The Israelites rejoiced to see the ark of God again, but the root of recovery was not reached yet. They dared to treat the symbol lightly by looking in. Over fifty thousand perished as God’s answer to this. They had to learn there was a solemn moral meaning behind the symbol.

Twenty years later the Israelites defeated the Philistines. How different was their conduct. They judged their idolatry, prepared their hearts to follow the Lord wholly, showed their dependence by beseeching Samuel not to cease to pray for them, and God heard them.

Later on God taught a further lesson by slaying Uzzah when he sought to steady the ark as the oxen stumbled, and by blessing Obed-edom in connection with the ark dwelling in his house, blessing his home by its presence.

Years after David showed that he had the sense that moral condition with God was more than mere outward orthodoxy. Absalom rebelled. His grief-stricken father fled from Jerusalem. Zadok and the Levites carried the ark out of the city, so that it might be with David. He nobly replied:
  “Carry back the ark of God into the city: if I shall find favour in the eyes of the Lord, He will bring me again, and show me both it and His habitation; but if He thus say, I have no delight in thee; behold, here am I, let Him do as seems good to Him” (2 Sam. 15:25-26).

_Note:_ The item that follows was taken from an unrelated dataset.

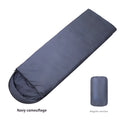 Navy blue envelope-style adult sleeping bag for camping with hollow cotton fibre insulation.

Thus David recognized God’s discipline, discipline only for good. The mere possession of a symbol, he knew, would not help matters. Moral condition under God’s eye was what concerned him. And he showed he had this by thus unreservedly placing himself in God’s hands.

Nor did David lightly esteem the symbol, the outward sign. He longed for the day when he would return in peace, and, finding favour in the eyes of the Lord God, would “show me both it and His habitation” to His servant.

The writer has to confess that reflection upon all this has deeply exercised him. May it exercise the reader. The ark of the covenant was a symbol or type of CHRIST. It is only as we have Him in living reality before our souls that we shall be kept.

A deep impression was made on my mind the other day. A sister in the Lord said to a well-known brother, “Nothing but love will keep us, Mr.—.” He replied, “Whose?” She meant our love to Christ; he meant Christ’s love to us. And truly as we are thus looking to Him, receiving from Him, we shall be kept in moral condition. Moreover, moral condition carries with it the reverse of self- occupation. “Moses wist not that the skin of his face shone.” It is only by being occupied with CHRIST Himself, the glorious, living expression of God behind the symbol, that we shall be kept.

The history of the seven churches well illustrates the truth of the foregoing. Ephesus outwardly was so correct and zealous; but He, whose eyes were as a flame of fire, looked beneath the outward form and saw they were fading. Love was on the wane, and His heart could not brook that. What sad examples Sardis and Laodicea are! Sardis! “Thou hast a name that thou livest, and art dead.” Laodicea! “I would thou wert cold or hot.” Immense pretensions, but the Lord outside. It is possible for us to arrange things for ourselves, to look to leaders to manage matters, instead of waiting on the Lord to come in to order and arrange for us.

Outward orthodoxy will cry, “The ark of the covenant is with us”; but moral condition will say with David, “If I shall find favour in the eyes of the Lord, He will … show me both it [the ark of the covenant] and His habitation.” We shall find not merely a symbol but God’s dwelling-place. Outward correctness will not be less esteemed but more, because kept in its true place by exercise as to moral condition; and for this introspection as to myself will not help, but exercise that the Lord shall have His proper place, will meet with its reward.